* _YOUR ASSIGNMENT_: Would you retype the lines from the one that holds "Griot, served with" to the final line of the entries below, both ends included and exactly as written, but without pictures?

* _GIVEN RECORDS_:
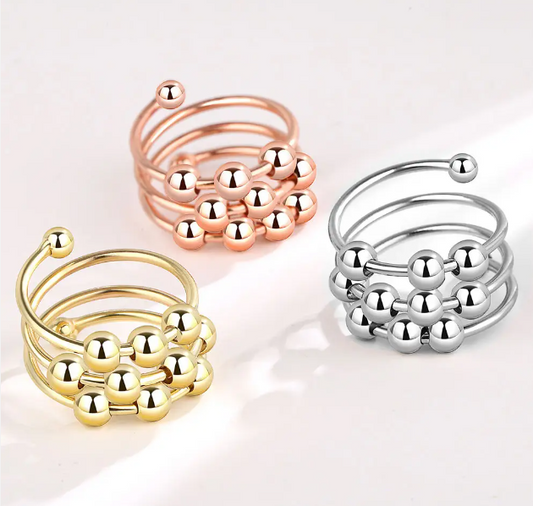 Draaiende ring met 10 kralen - zilver, rosé of goud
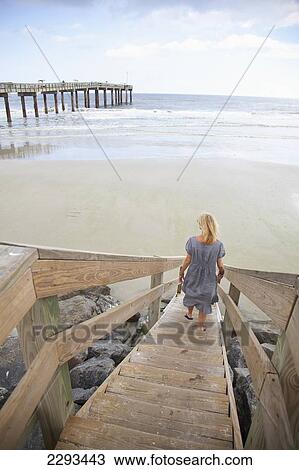 Stock Image - Usa, Florida, Woman On Wooden Steps Leading To Beach; St Augustine. Fotosearch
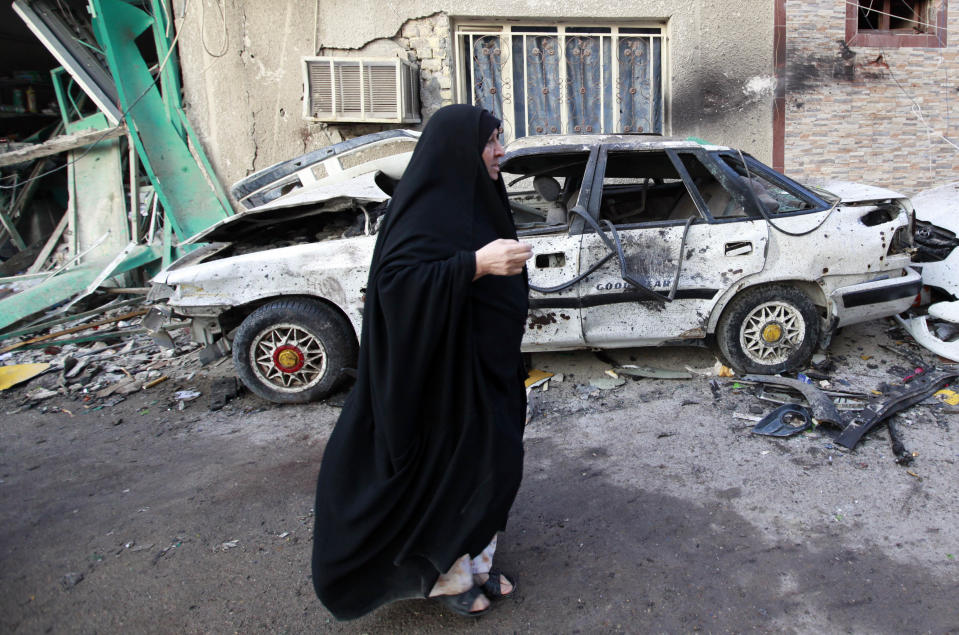 A woman walks past the site of a car bomb attack in Baghdad, Iraq, Tuesday, Feb. 18, 2014. A wave of explosions rocked mainly Shiite neighborhoods in Baghdad shortly after sunset on Monday, killing and wounding scores of people, said Iraqi officials. (AP Photo/Hadi Mizban)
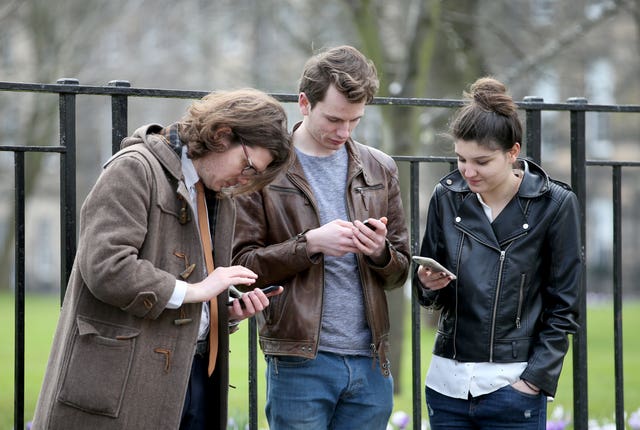 People on smartphones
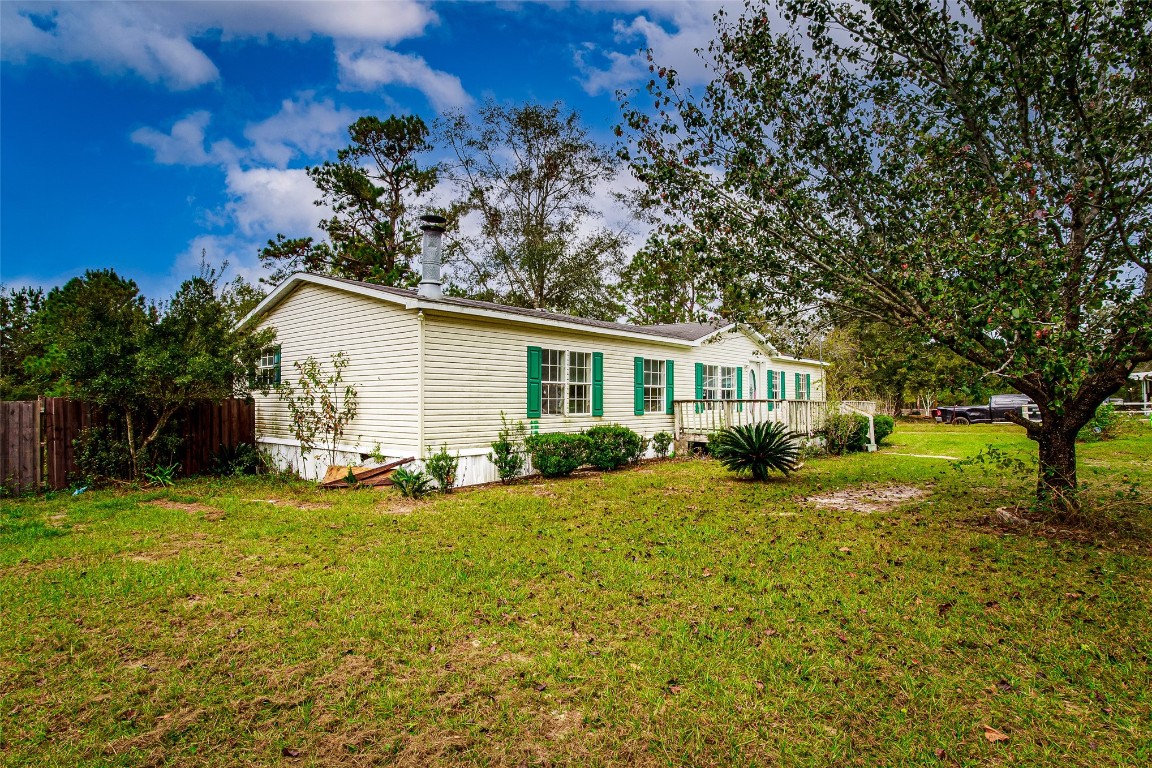 18044 Geranium Lane Hilliard, FL 32046 - Photo 14 of 15 a view of a house with backyard and sitting area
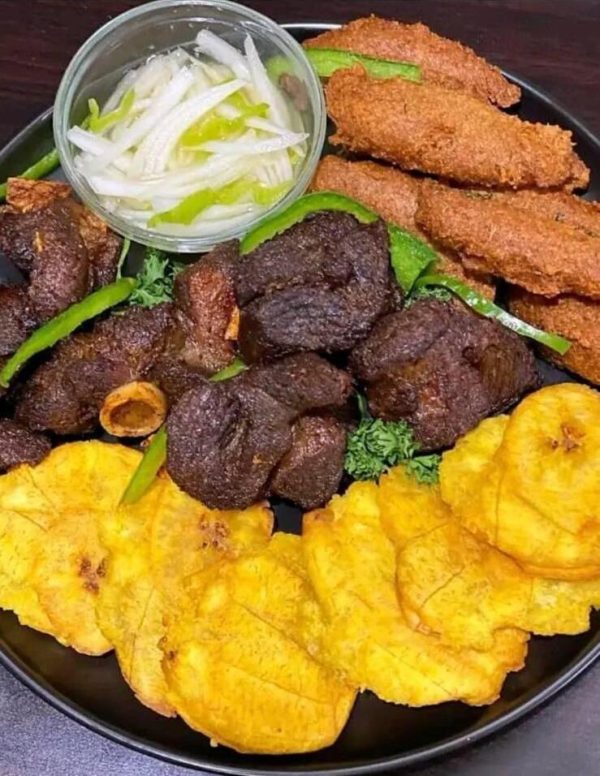 Griot, served with acra and fried plantain with pickles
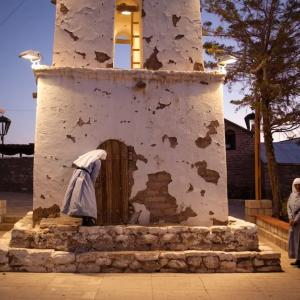 Thomas Allison photograph of nuns in front of a bell tower.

* _WORKED SOLUTION_:
 Griot, served with acra and fried plantain with pickles
 Thomas Allison photograph of nuns in front of a bell tower.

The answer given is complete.